There was also Tsuyoshi Wada, a Japanese pitcher they signed to a two-year contract worth about $8 million. The organization made such a big deal of this that they had a televised press conference on MASN to introduce him, with a translator and everything. Wada needed Tommy John surgery and never ended up pitching in Baltimore before they let him go at the end of the contract.
Because life's like that, Wada went over to the Cubs and started 13 games at the MLB level last year, pitching 69.1 innings with a 3.25 ERA. It's enough to make you wonder what the O's did wrong that they were never able to make that work. On the other hand, maybe this is one of those things where the league difference can explain a lot of it. National League lineups are weaker and not only because of the pitchers.
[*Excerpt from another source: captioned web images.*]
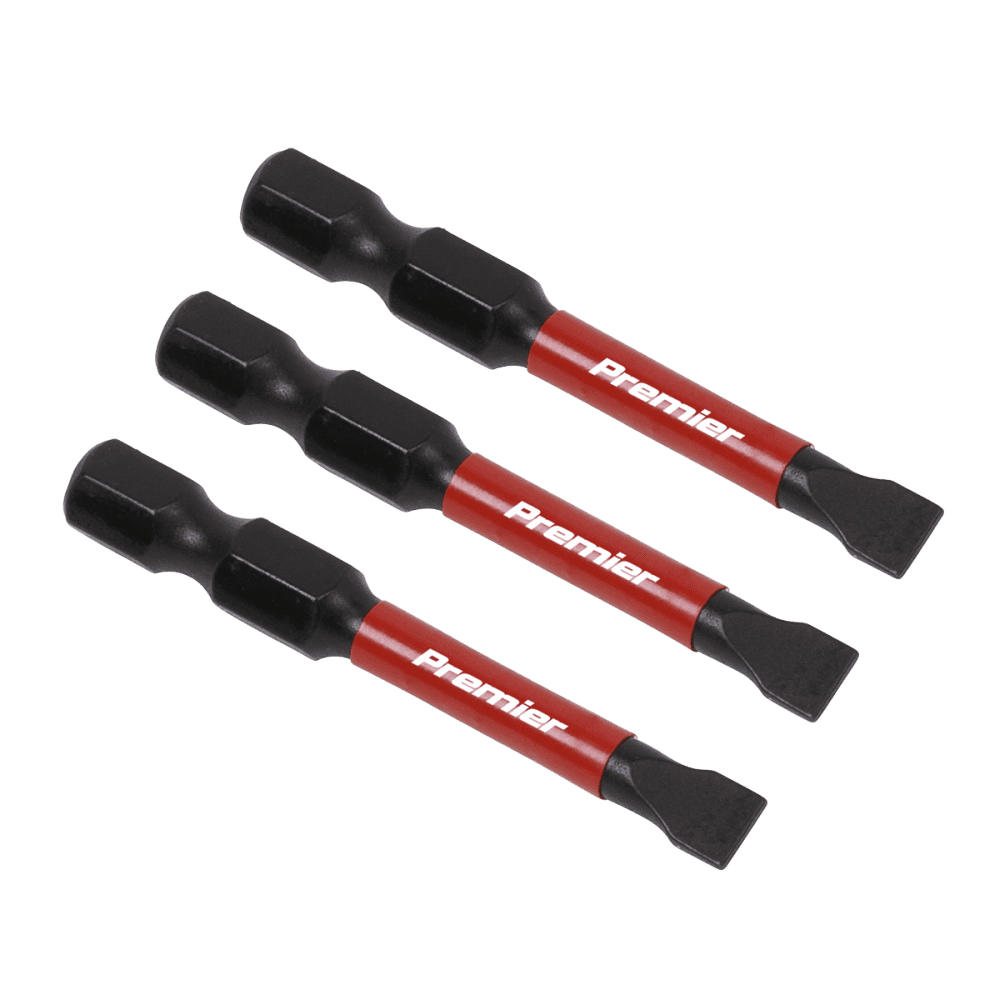 Sealey Slotted 5.5mm Impact Power Tool Bits 50mm - 3pc Model No- AK8227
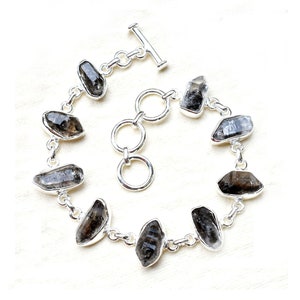 Herkimer Diamond Bracelet,  Herkimer Diamond 925 sterling silver Bracelet, Handmade Jewelry Bracelet, Women&#39;s Gifts For Jewelry,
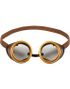 Gullfarget Runde Steampunk Goggles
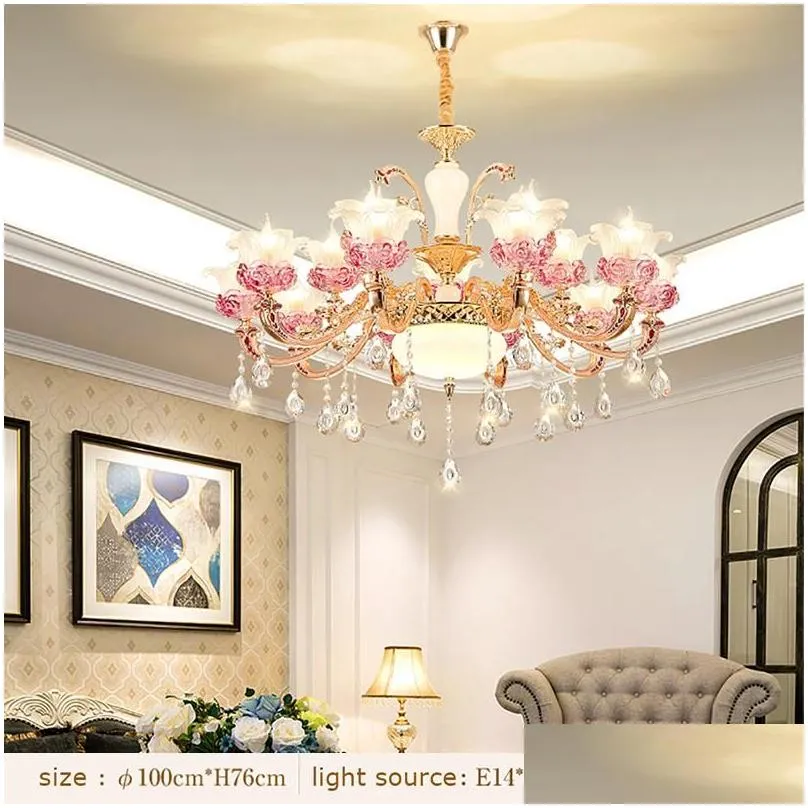 nordic led chandelier for bedroom living room dining restaurant modern ceiling foyer study loft crystal fixtures chandeliers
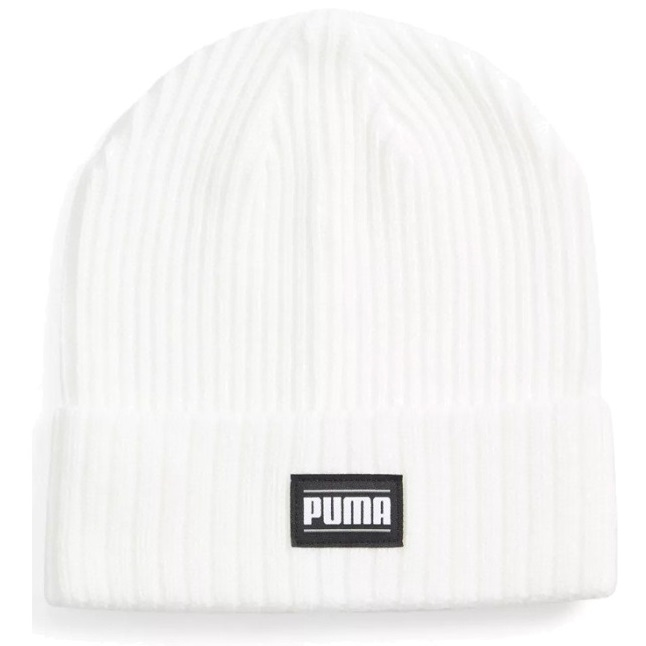 Шапка Puma Ribbed Classic Cuff Beanie 024038-06 Adult білафото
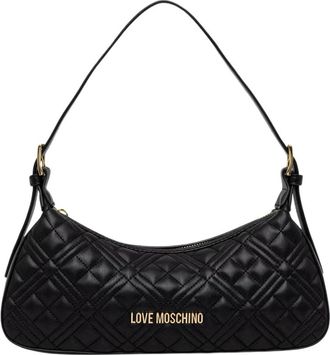 Love Moschino Bags.. Zwart - Dames - Schoudertassen - Zwart - ONE Size - Leer - Tassen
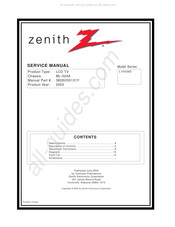 Zenith L15V26D Service Manual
The O's have had their success getting pitchers from that market. Wei-Yin Chen has been a mainstay of the rotation for three seasons and figures to be again this year. The team will end up paying him a little more than $15 million for those four years. He has a 3.86 ERA in 515.1 MLB innings.
Even if you add in the monetary cost of the signings that didn't work out, the O's have still probably come out ahead just from Chen succeeding. It just feels worse because the ones that didn't work out ended up not working out in very strange ways. Hopefully Duquette's next foray into a player from one of the Asian professional leagues works out better than the last one.